Civilization is marked by progression in the form of removing ourselves from those natural conditions of pre-society. From communication, to transportation, to our relationships, to government, and morality human's shape, through a kind of violence, what might be described as the natural order - if order is even an appropriate term.

There is nothing natural about processes of food production. Indeed, we've mechanized production; turning a feeling being into bacon has become wholly unnatural by our design. We disrupt nature for our ends - we don't live in it, we change it, making it barely recognizable.  

Therefore, appeals to "nature" are found wanting for even decent arguments in support of them.

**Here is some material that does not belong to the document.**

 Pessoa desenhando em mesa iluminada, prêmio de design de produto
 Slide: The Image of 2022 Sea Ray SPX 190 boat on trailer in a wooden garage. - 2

Finally (fatally to the argument for design?), we can rely on Charles Darwin to resolve this conflict. "Design" is contrary to evolution; evolution is a testable and proven theory (you know, like gravity) meaning it's reality:  

The species Homo sapien descended from animals; man is in fact a species of animal. We evolved through a process of natural selection: chance mutation. Chance! There is no underlying purpose to the result, no hierarchy by design. It's luck; it's arbitrary. To borrow from Rawls, we are the result of the "natural lottery." 

Design is a fiction; a story told and re-told by man for man's ego. The assumption of a "natural order" is merely cover for our psychological and moral shortcomings: We desire to set ourselves apart from the rest of nature because we selfishly want everything for free. Free from any moral consideration, all those externalities, a rational estimation of the costs our actions have on future generations, that noble virtue kindness...We're gluttons, glorified sinners.     

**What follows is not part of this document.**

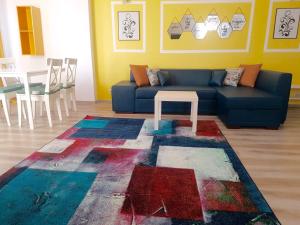 uma sala de estar com um sofá azul e uma mesa em Fundeni Apartments em Bucareste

More can be said about Darwin's destruction of this baseless assumption, however, it's irrefutable therefore nothing else needs to be said. But therein rests our dilemma:

This refutation is based on reason and evidence, which as I stated before, may not move the person who relies on faith to justify their actions.

Enter David Hume I suppose: Show them the suffering; trigger that hardwired sense of empathy (again, evolution not design!) and compel them to demand the appropriate actions that accord with their sentiments.

We have options.

Plutarch said,

"But for the sake of some little mouthful of flesh, we deprive a soul of the sun and light and of that proportion of life and time it had been born into the world to enjoy."